The following provides a brief summary of the content in each of the 10 chapters:

Chapter 1 : Software-Defined Storage Design This chapter provides an overview of where vSphere storage technology is today, and how we've reached this point. This chapter also introduces software-defined storage, the economics of storage resources, and enabling storage as a service.

Chapter 2 : Classic Storage Models and Constructs This chapter covers the legacy and classic storage technologies that have been used in the VMware infrastructure for the last decade. This chapter provides the background required for you to understand the focus of this book, VMware vSphere's next-generation storage technology design.

Chapter 3 : Fabric Connectivity and Storage I/O Architecture This chapter presents storage connectivity and fabric architecture, which is relevant for legacy storage technologies as well as next-generation solutions including Virtual Volumes.

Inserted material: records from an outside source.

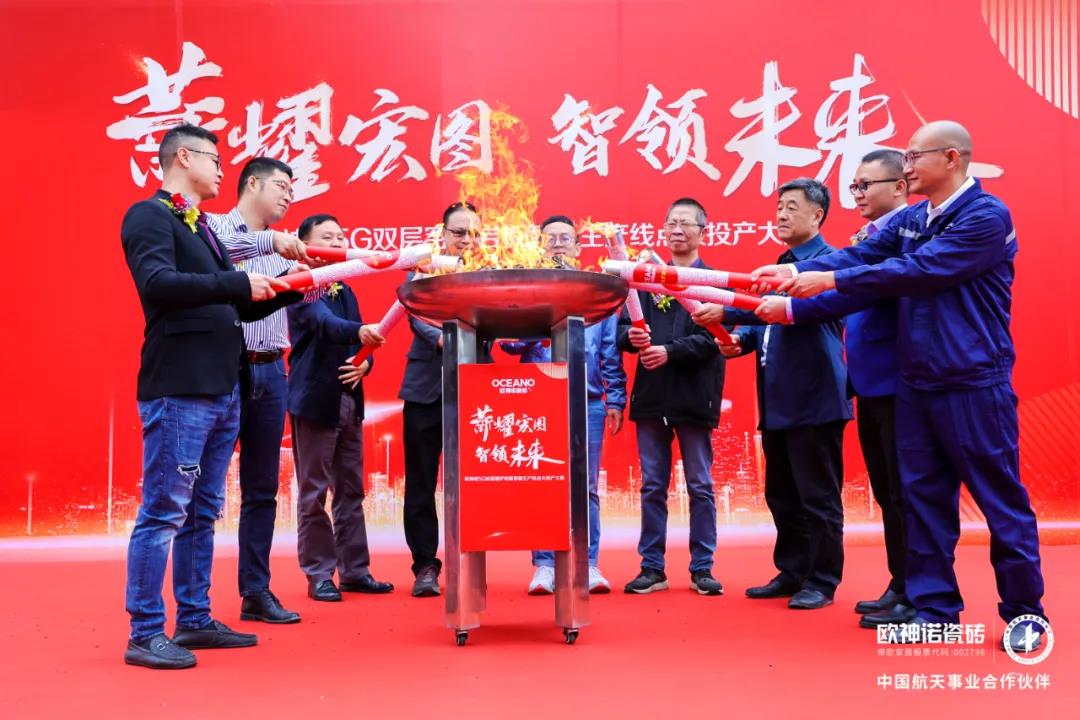 薪耀宏图 智领未来l欧神诺5G数智双层窑炉岩板智能生产线正式点火！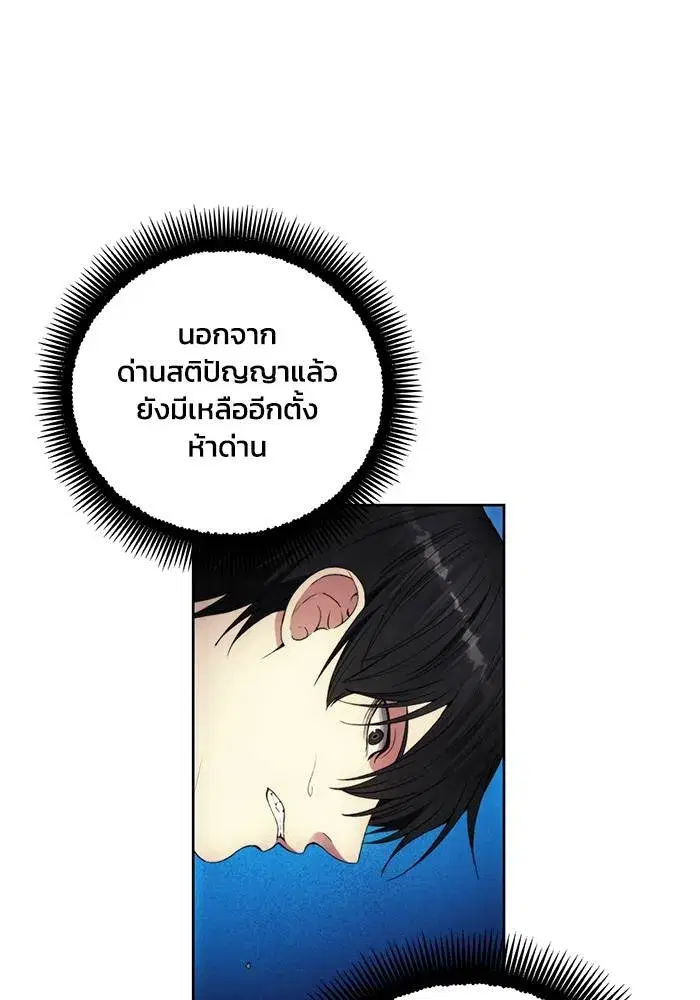 How to Live as a Villain ตอนที่ 111 หน้า 52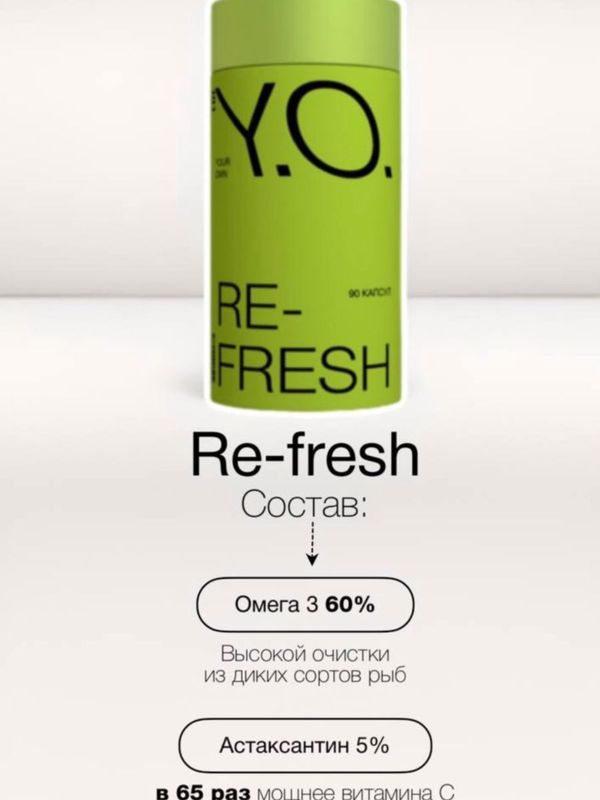 Биологически активная добавка RE-FRESH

Chapter 4 : Policy-Driven Storage Design with Virtual SAN This chapter addresses all of the design considerations associated with VMware's Virtual SAN storage technology. The chapter provides detailed coverage of Virtual SAN functionality, design factors, and architectural considerations.

Chapter 5 : Virtual SAN Stretched Cluster Design This chapter focuses on one type of Virtual SAN solution, stretched cluster design. This type of solution has specific design and implementation considerations that are addressed in depth. This chapter also provides an example Virtual SAN stretched architecture design as a reference.

Chapter 6 : Designing for Web-Scale Virtual SAN Platforms This chapter addresses specific considerations associated with large-scale deployments of Virtual SAN hyper-converged infrastructure, commonly referred to as web-scale.

Chapter 7 Virtual SAN Use Case Library This chapter provides an overview of Virtual SAN use cases. It also provides a detailed solution architecture for a cloud management platform that you can use as a reference.

Chapter 8 : Policy-Driven Storage Design with Virtual Volumes This chapter provides detailed coverage of VMware's Virtual Volumes technology and its associated policydriven storage concepts This chapter also provides a lowlevel knowledge transfer as well as addressing in detail the design factors and architectural concepts associated with implementing Virtual Volumes

Chapter 9 : Delivering a Storage-as-a-Service Design This chapter explains how IT organizations and service providers can design and deliver storage as a service in a cloud-enabled data center by using VMware's cloud management platform technologies.

Chapter 10 : Monitoring and Storage Operations Design To ensure that a storage design can deliver an operationally efficient storage platform end to end, this final chapter covers storage monitoring and alerting design in the software-defined storage data center.